The fear is that this is no ratchet, but a sort of retreat into the Russian hinterland, a trap. On the other hand, it’s a common pattern in the end of dictatorship, a sort of political Cheyne-Stokes breathing. You may think you are saving the structural realities of power and giving away the forms, but how will those realities stand up without the Emergency Law and the special constitutional amendments and the practice of having political prisoners and the ban on opposition parties and the censorship of the press? After all, there must be a reason, rooted in the structural realities of power, why you wanted them in the first place. If owning hotels was enough to sustain a tyranny, there’d be no need for Central Security or private thugs on camels or sententious TV broadcasts or bulk SMS messages with faked originating numbers.

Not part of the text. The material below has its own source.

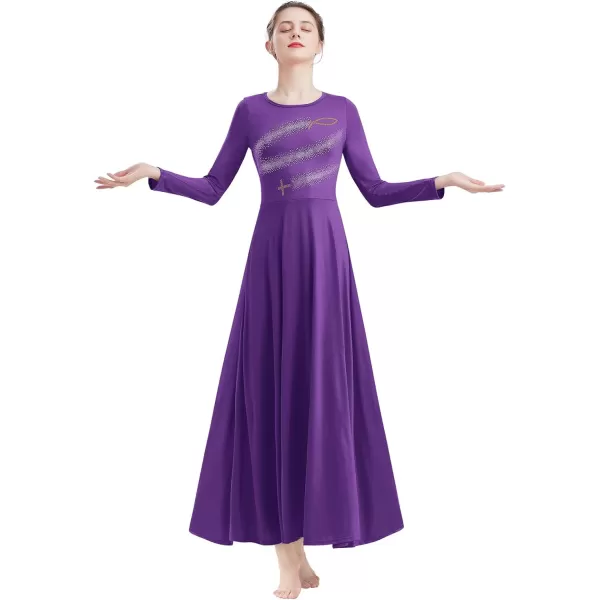 Womens Metallic Jesus Fish Cross Praise Dance Dress Hot Drilling Liturgical Lyrical Dancewear Long Sleeve Worship DressPurple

Revolutions come with years, like New Order remixes used to. Prague ’89. Paris ’68. Probably the most relevant ones now are the Polish ones – Solidarity feat. Jaruzelski ’81 and ’89. The first one was a lot like what everyone fears for Egypt and also quite a lot like the official preferences of our governments. There was violence, but not as much as there could have been, and a safe military dictator won. He, in turn, turned to a religious and conservative pseudo-opposition to give his rule some foundation. The second was more optimistic but less spectacular. In 1989, the end of communism in Poland involved far more negotiating than it did street-fighting, and it involved putting up with Jaruzelski sticking around for the rest of his term as a sop to the powers that be, or rather the powers that were.

Egypt is already some way beyond 1981 – there is something like a round table, and the officially designated military strongman is getting very close to the exit, having disclaimed supreme power for himself. Probably the communists of 1989 thought they were cunningly playing for time. Suleiman has a far more ruthless reputation, though; the big issue is whether he can be trusted or better, constrained from trying to either crush the opposition between here and whenever the election date is set or else to start a civil war like the Algerian generals of 1991.

One argument has been that there would be a fake revolution, leaving the security state in charge, as Jamie Kenny put it. I think this is now out of date. Similarly, although they are now talking to the Muslim Brotherhood, I think my own prediction is also out of date. We’re past the point where a few Brothers in the government would convince anyone. In fact, Jamie and I saw our predictions first validated and then rendered irrelevant within a week.

Looking ahead, it’s worth remembering that 1989 took time to deliver. After the original moment of success, there was a long and uncertain haul of getting rid of specific individual bastards, changing laws, moving editors around the State TV and inspectors around the police force. I think we’re now into this phase. Some people seem to agree, from very different points on the spectrum. Changing the union confederation and the university professors’ club is very much to the point, whether you’re thinking 1989 and maintaining enough forward momentum to protect the revolution or 1917 and the second wave.

Take it easy ya Ahmad. Every revolution in history always has this carnival-like side. The insurrection will come later. #Jan25

I think I’d rather have that man on my side.